= What you are asked to do =
Leaving out any pictures, print the entries that follow exactly as they stand.

•••

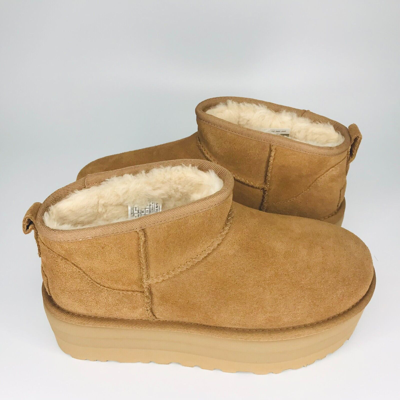 Pre-owned Ugg Classic Ultra Mini Platform Chestnut Fur Suede Ankle Boots Women's In Brown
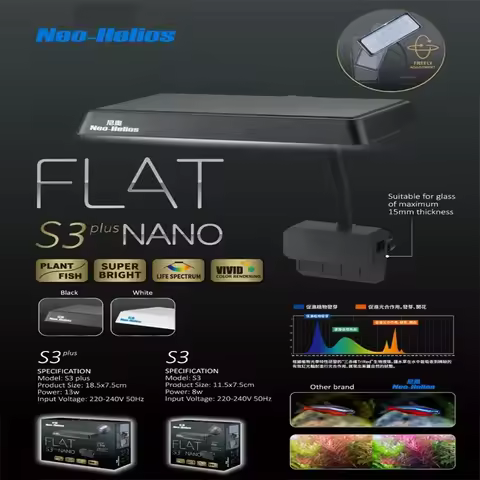 Neo-Helios S3 PLUS RGB Aquascape Color Enhancer Plant Light Fish Tank LED Full Spectrum Aquascape Li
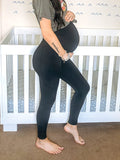 Black Pockets High Rise Stretch Pregnant Legging Sports Maternity Long Leggings Maternity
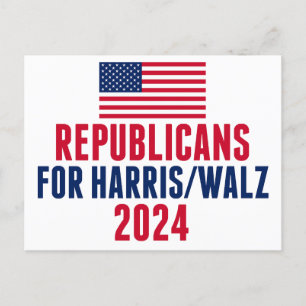 Cartão Postal Republicanos pela Harris Walz American Flag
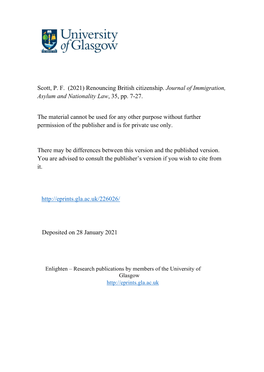 Renouncing British Citizenship. Journal of Immigration, Asylum and Nationality Law, 35, Pp. 7-27. the Mater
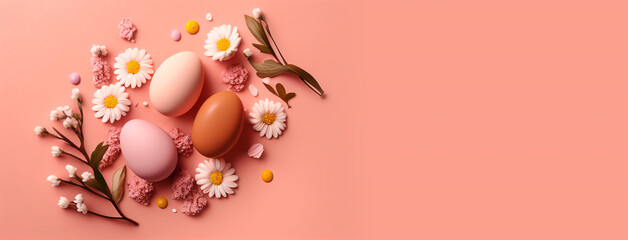 Easter eggs graphic background, eggs and flowers decoration on pink horizontal copy space. generative ai illustration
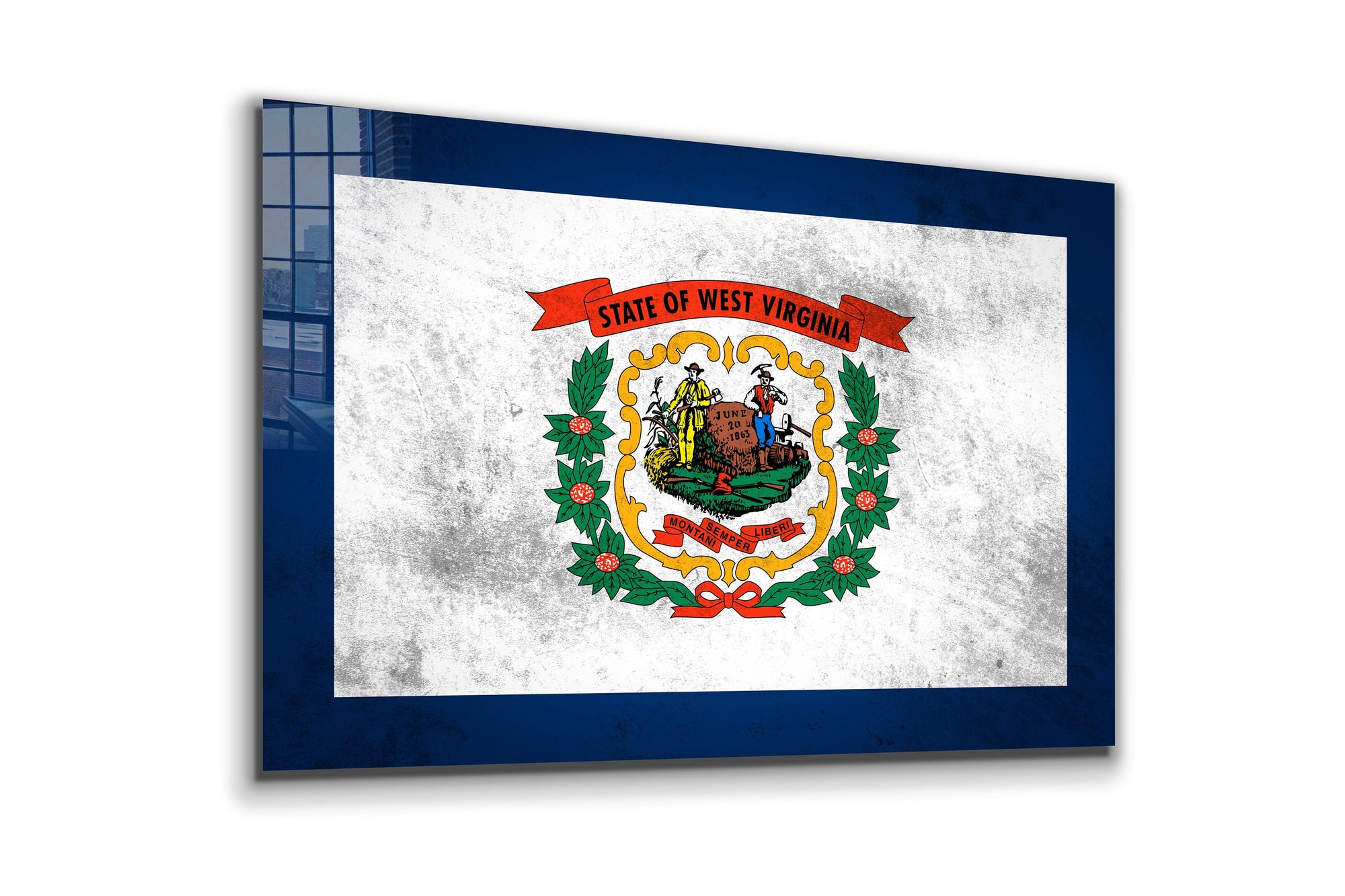 West Virginia Flag Grungy Large Glass Wall Art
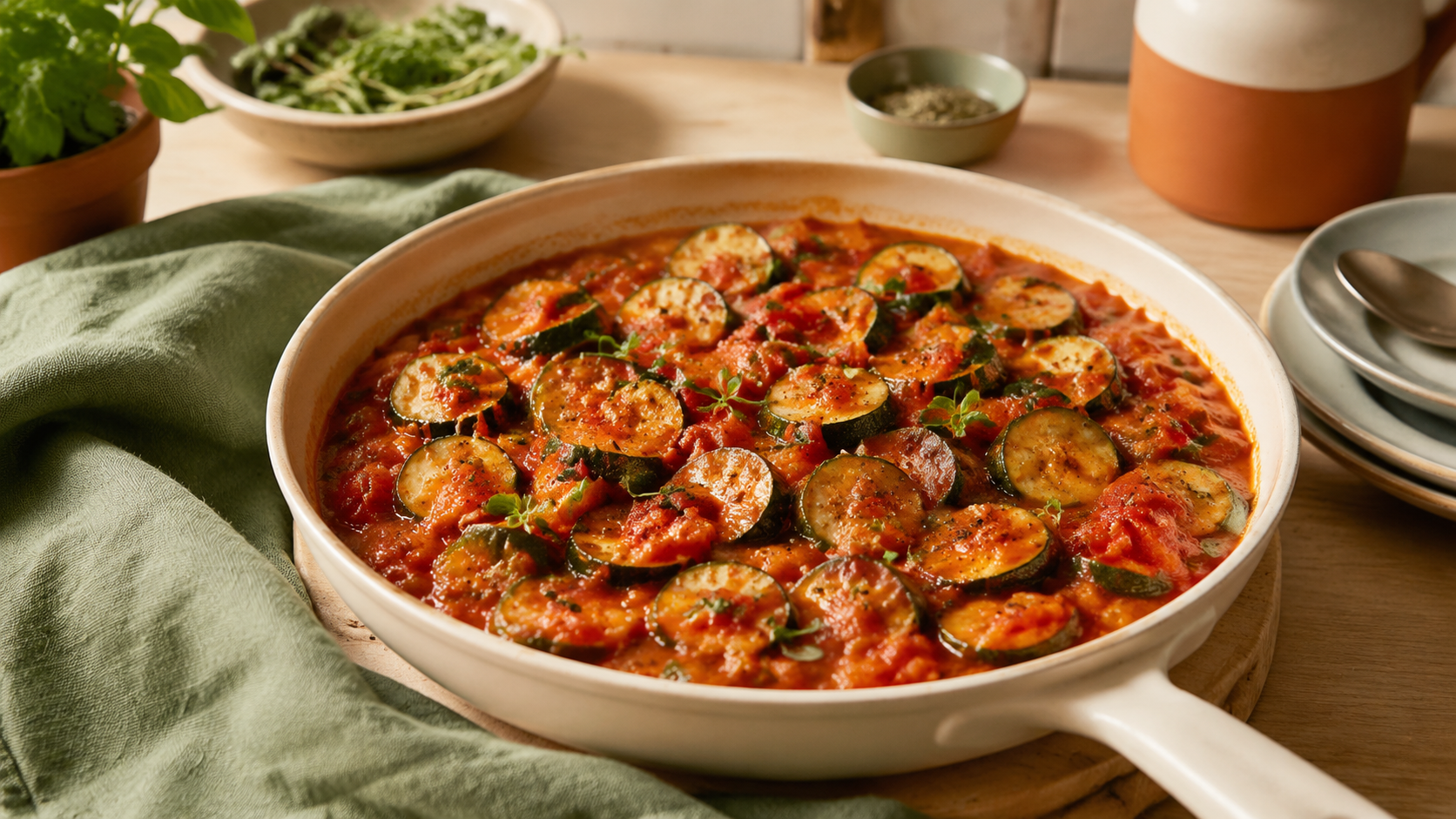 Detailansicht von Schnelle Tomaten-Zucchini-Pfanne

•••

= Answer space =
 Pre-owned Ugg Classic Ultra Mini Platform Chestnut Fur Suede Ankle Boots Women's In Brown
 Neo-Helios S3 PLUS RGB Aquascape Color Enhancer Plant Light Fish Tank LED Full Spectrum Aquascape Li
 Black Pockets High Rise Stretch Pregnant Legging Sports Maternity Long Leggings Maternity
 Cartão Postal Republicanos pela Harris Walz American Flag
 Renouncing British Citizenship. Journal of Immigration, Asylum and Nationality Law, 35, Pp. 7-27. the Mater
 Easter eggs graphic background, eggs and flowers decoration on pink horizontal copy space. generative ai illustration
 West Virginia Flag Grungy Large Glass Wall Art
 Detailansicht von Schnelle Tomaten-Zucchini-Pfanne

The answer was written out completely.